→ INFORMATION GIVEN
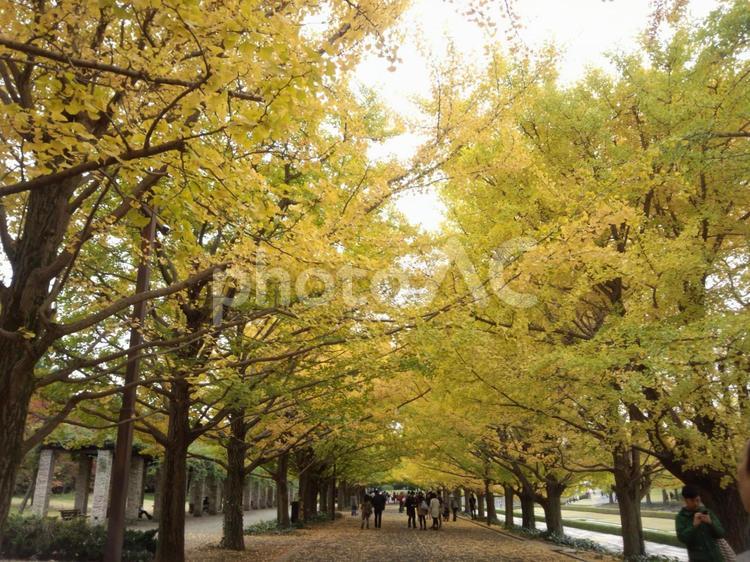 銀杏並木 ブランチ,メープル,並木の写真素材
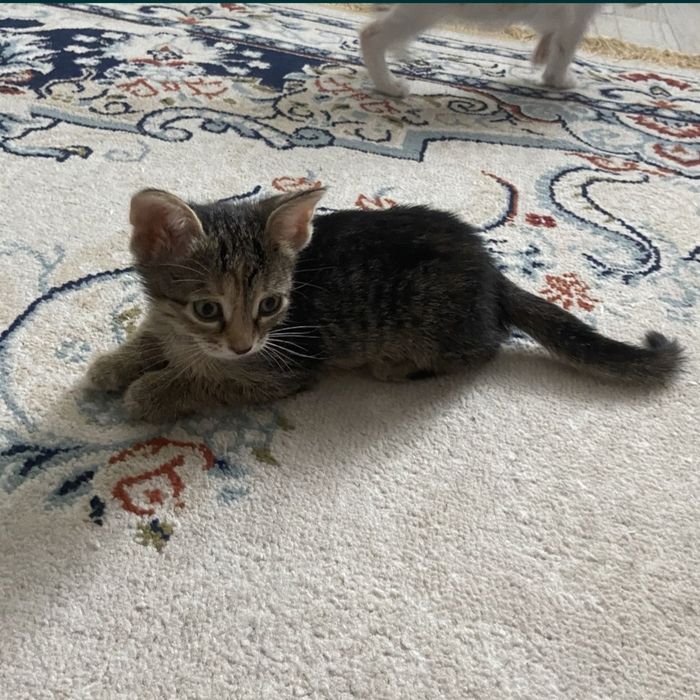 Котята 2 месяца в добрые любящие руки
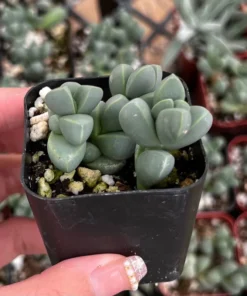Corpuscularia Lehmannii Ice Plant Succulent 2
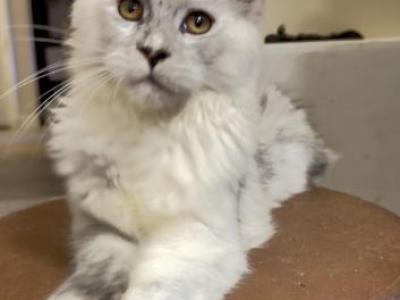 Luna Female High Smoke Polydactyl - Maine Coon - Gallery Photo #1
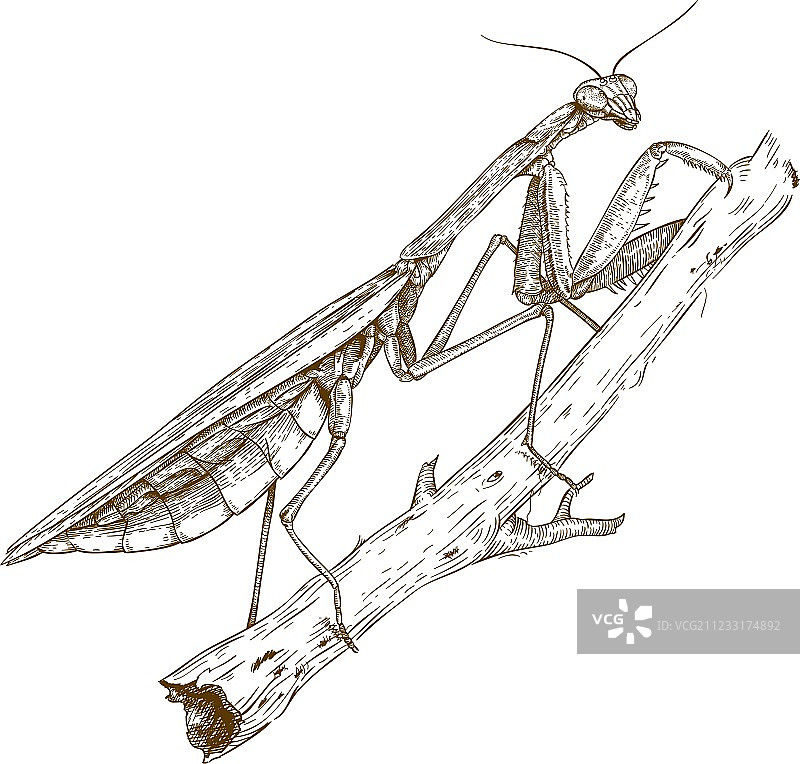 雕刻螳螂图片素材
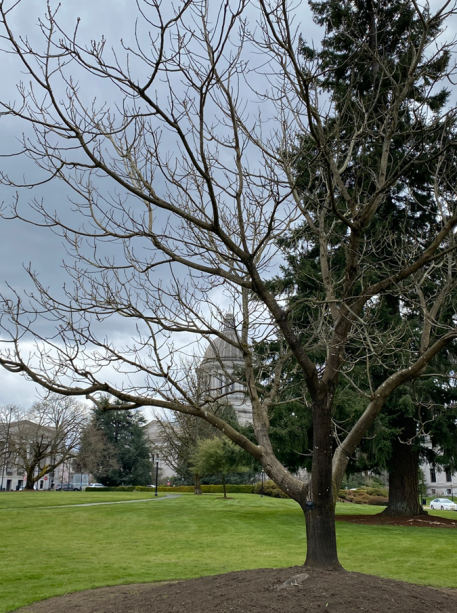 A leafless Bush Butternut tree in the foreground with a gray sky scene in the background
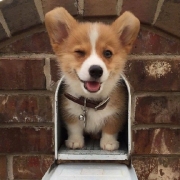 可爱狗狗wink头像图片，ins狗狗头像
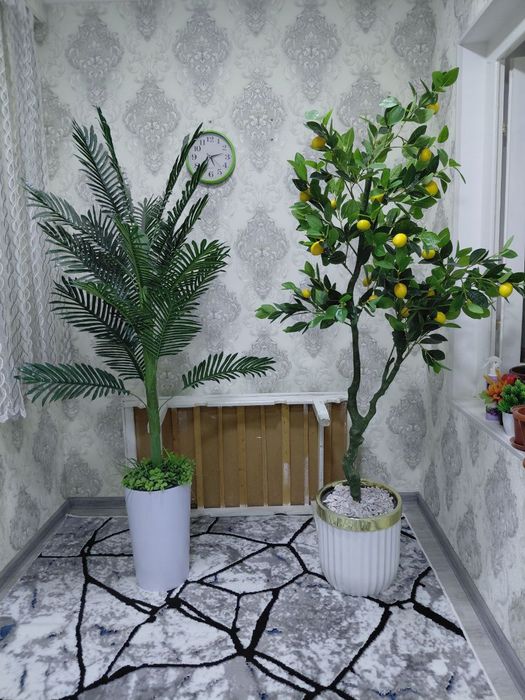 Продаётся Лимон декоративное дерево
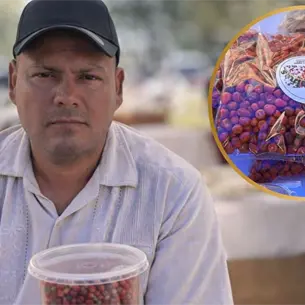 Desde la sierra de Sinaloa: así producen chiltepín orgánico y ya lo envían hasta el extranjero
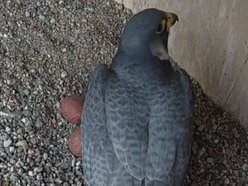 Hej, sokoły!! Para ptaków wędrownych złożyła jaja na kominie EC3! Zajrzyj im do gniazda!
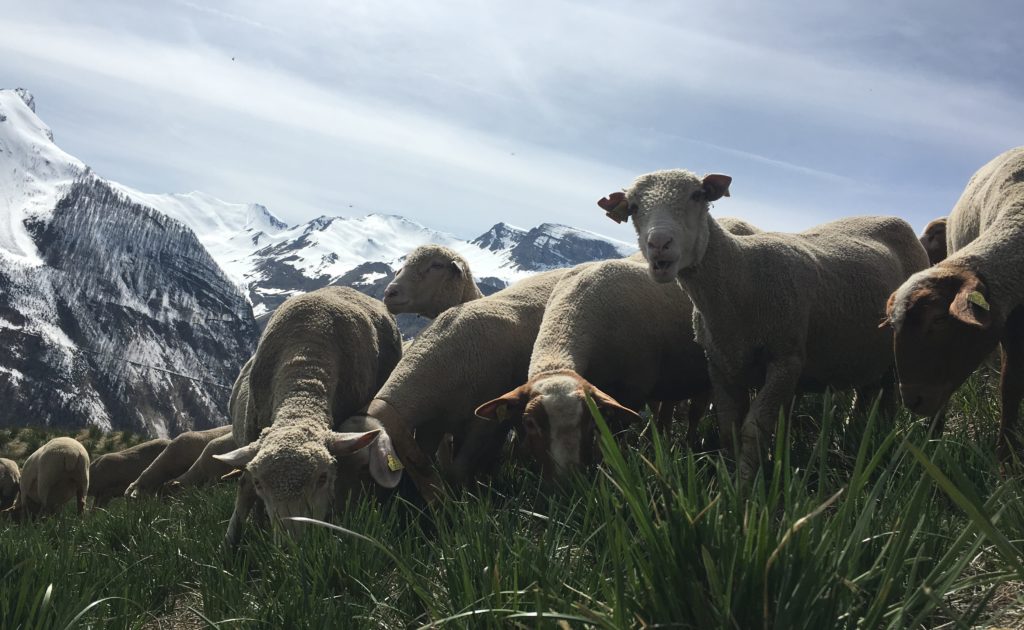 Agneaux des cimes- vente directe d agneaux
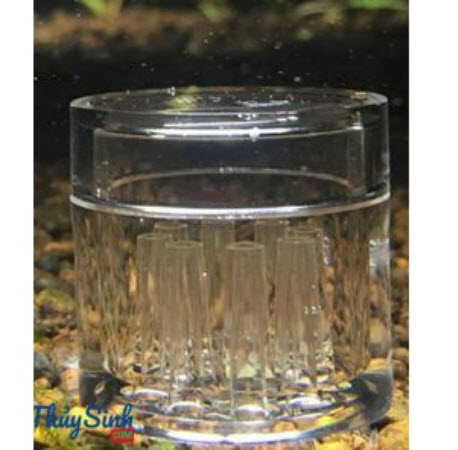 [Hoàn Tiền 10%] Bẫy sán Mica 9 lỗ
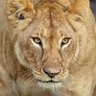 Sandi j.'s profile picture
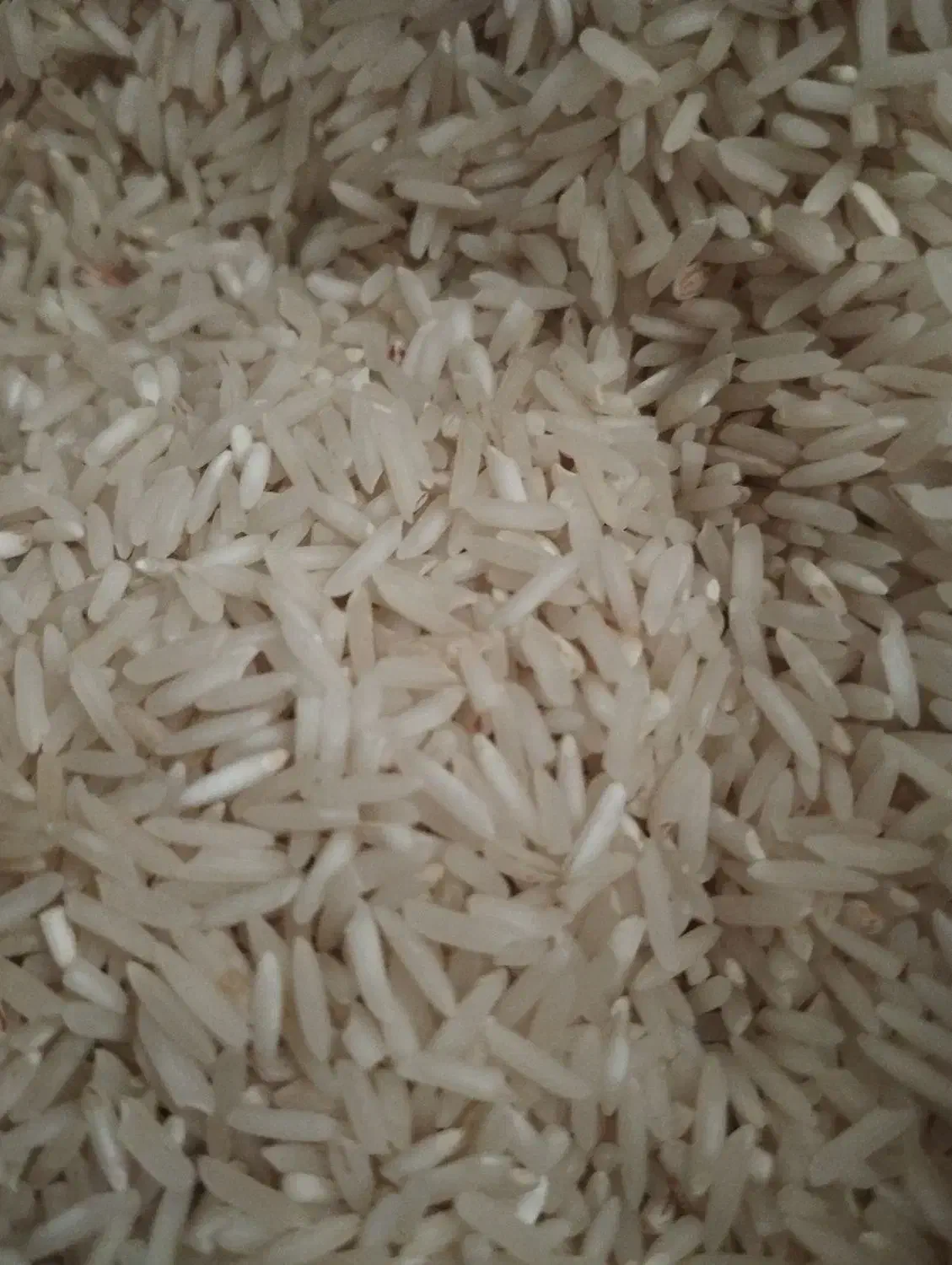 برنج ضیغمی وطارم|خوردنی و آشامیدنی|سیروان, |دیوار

→ WHAT IS BEING ASKED
From the line containing "Sandi j.'s profile picture" to the last line of the records, inclusive, output the lines exactly as written and nothing else; leave out the pictures.

→ YOUR SOLUTION
 Sandi j.'s profile picture
 برنج ضیغمی وطارم|خوردنی و آشامیدنی|سیروان, |دیوار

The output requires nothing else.